Wood-Engraved Star Map, Circa 1932
Star maps have guided tourists to the homes of the stars for almost as long as Hollywood has been the movie capital of the world. This unique take on the star map, a circa 1932 wood engraving by artist Paul Landacre, is preserved at UCLA's William Andrews Clark Memorial Library. Manuscripts and Archives Librarian Rebecca Fenning notes that the library also houses the original woodblock that created this print.
Dimout Zones, 1942
Navigating the curves of Mulholland Drive can be challenging enough in daylight. But during World War II, the U.S. War Department imposed dimout regulations on many roads--including Mulholland--that were visible from the ocean, requiring motorists to drive with their headlights off at night. This 1942 map from the Automobile Club of Southern California archives shows where dimout regulations would be enforced, explains Auto Club historian Matthew W. Roth:
In the fall of 1942, Auto Club cartographers and U.S. Department of War officials surveyed the coast of Southern California to define the "dimout zone," where motorists were required to turn off their headlights. Designed to thwart enemy vessels off the coast, the dimout would make it more difficult to navigate using onshore landmarks and would eliminate the backlighting of potential targets. Using the Auto Club's standard map of Metropolitan Los Angeles, the survey team marked those roads and highways where the dimout would be enforced. The blue and yellow markings indicate the direction from which the particular road would be visible from the water.
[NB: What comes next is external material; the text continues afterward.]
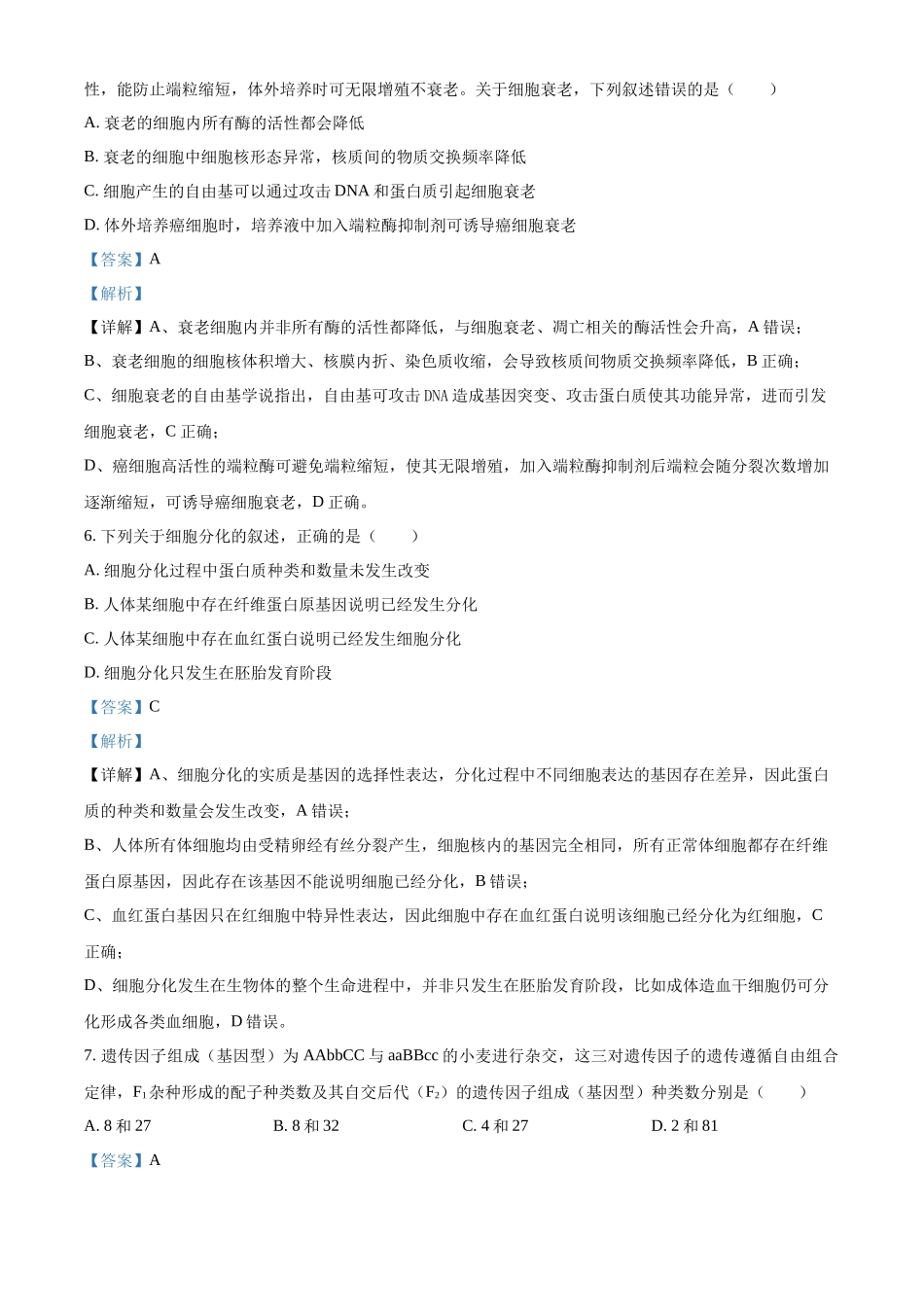 浙江金兰教育合作组织2025-2026学年高一下学期4月期中生物试题含解析.docx_第3页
Master Plan of Freeways, 1957
While some mid-century transportation planners focused on replacing the region's aging rail transit network, others envisioned an expanded system of roadways that would accommodate L.A.'s booming population of automobile drivers. While many of the highways they proposed were eventually set in concrete, L.A.'s web of freeways represents only a fraction of what planners proposed to satisfy the county's traffic needs. The map below, from a 1957 report by the Citizens Traffic and Transportation Committee for the Extended Los Angeles Area, shows many freeways and parkways that never became more than lines on paper.
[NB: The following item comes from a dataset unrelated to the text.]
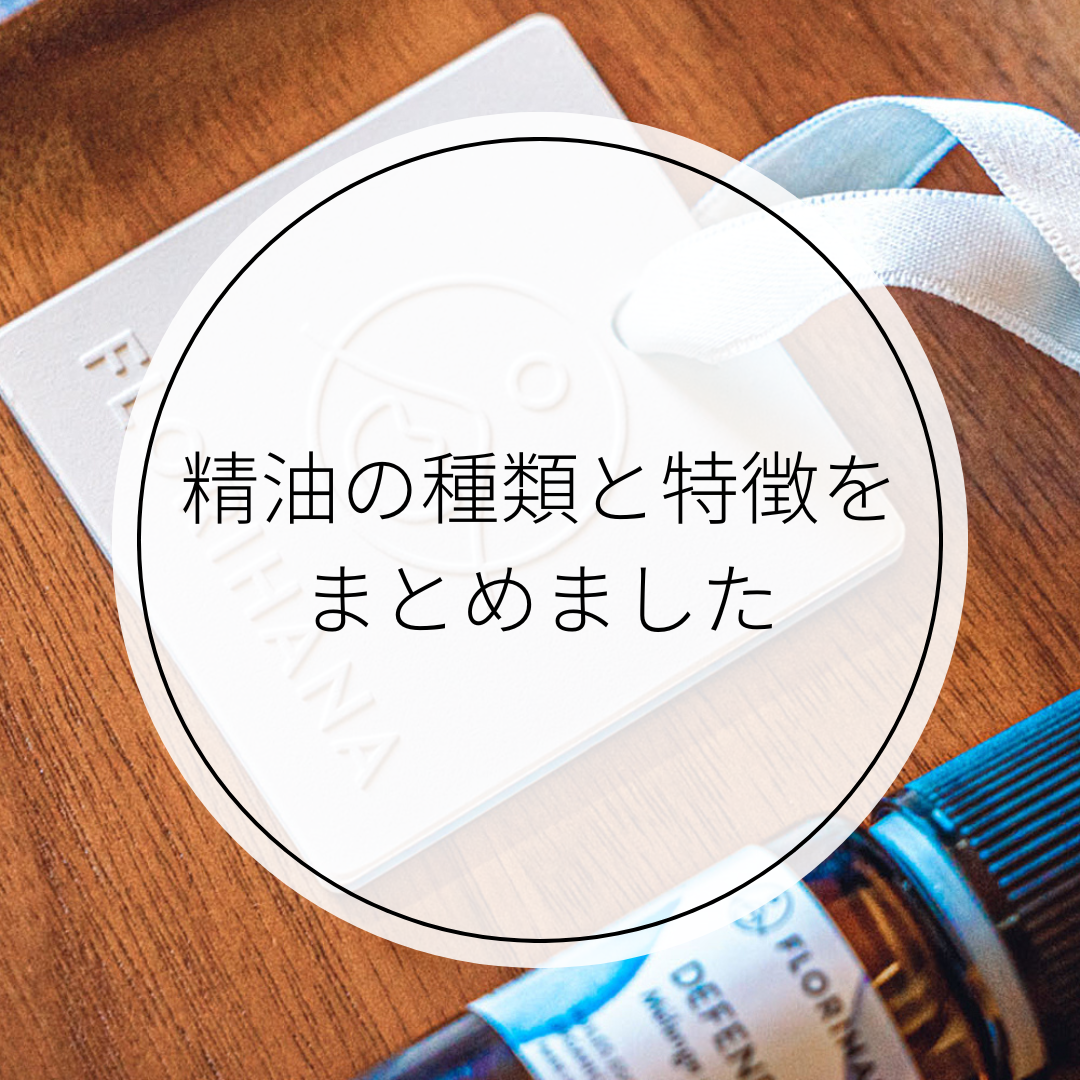 精油の種類と特徴をまとめました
Digital Resources Librarian Kenn Bicknell of the Metro Library explains:
People forget so many of the planned freeways that fell off the drawing board due to either lack of funding or community NIMBYism. The Beverly Hills Freeway, the Whitnall Freeway, the Alessandro Freeway--we have many studies and reports in our collection that document the love affair with freeway and parkway planning, going back to the 1940s.